Abstract

Multivalued maps have many applications. We consider one dimensional multivalued maps whose graphs are defined by lower and upper boundary maps. Let $I=[0,1]$ and let $\mathcal P$ be a partition of $I$ into a finite number of intervals. Let $\ltau ,$ $\utau :I\rightarrow I$ be two piecewise expanding maps on $\mathcal P$ such that $\ltau\le\utau$. Let $G$ $\subset I\times I$ be the region bounded by the graphs of $\ltau $ and $\utau.$ Any map $\etta :I\rightarrow I$ that takes values in $G$ is called a selector of the multivalued map defined by $G.$ We assume that $\ltau$ and $\utau$ as well as all the selectors we consider have invariant distribution
functions. Let $F^{\ast}$ be a target distribution.
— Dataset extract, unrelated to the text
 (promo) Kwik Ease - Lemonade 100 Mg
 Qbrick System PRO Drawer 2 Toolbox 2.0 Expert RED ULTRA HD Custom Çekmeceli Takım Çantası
We
prove the existence of a selector $\etta ^{\ast }$ which minimizes the functional $J(\etta )=\int_{I}(F_{\etta }(t)-F^{\ast }(t))^{2}dt$, where $\etta $ has invariant distribution $F_{\etta }$. Other results pertain to the
functional $J_{1}(\etta )=\int_{I}(P_{\etta }F^{\ast }(t)-F^{\ast }(t))^{2}dt$, where $P_{\etta }$ is the Frobenius-Perron operator of $\etta $ acting on
distribution functions. We present an algorithm for finding selectors which minimize $J_{1}(\etta )$.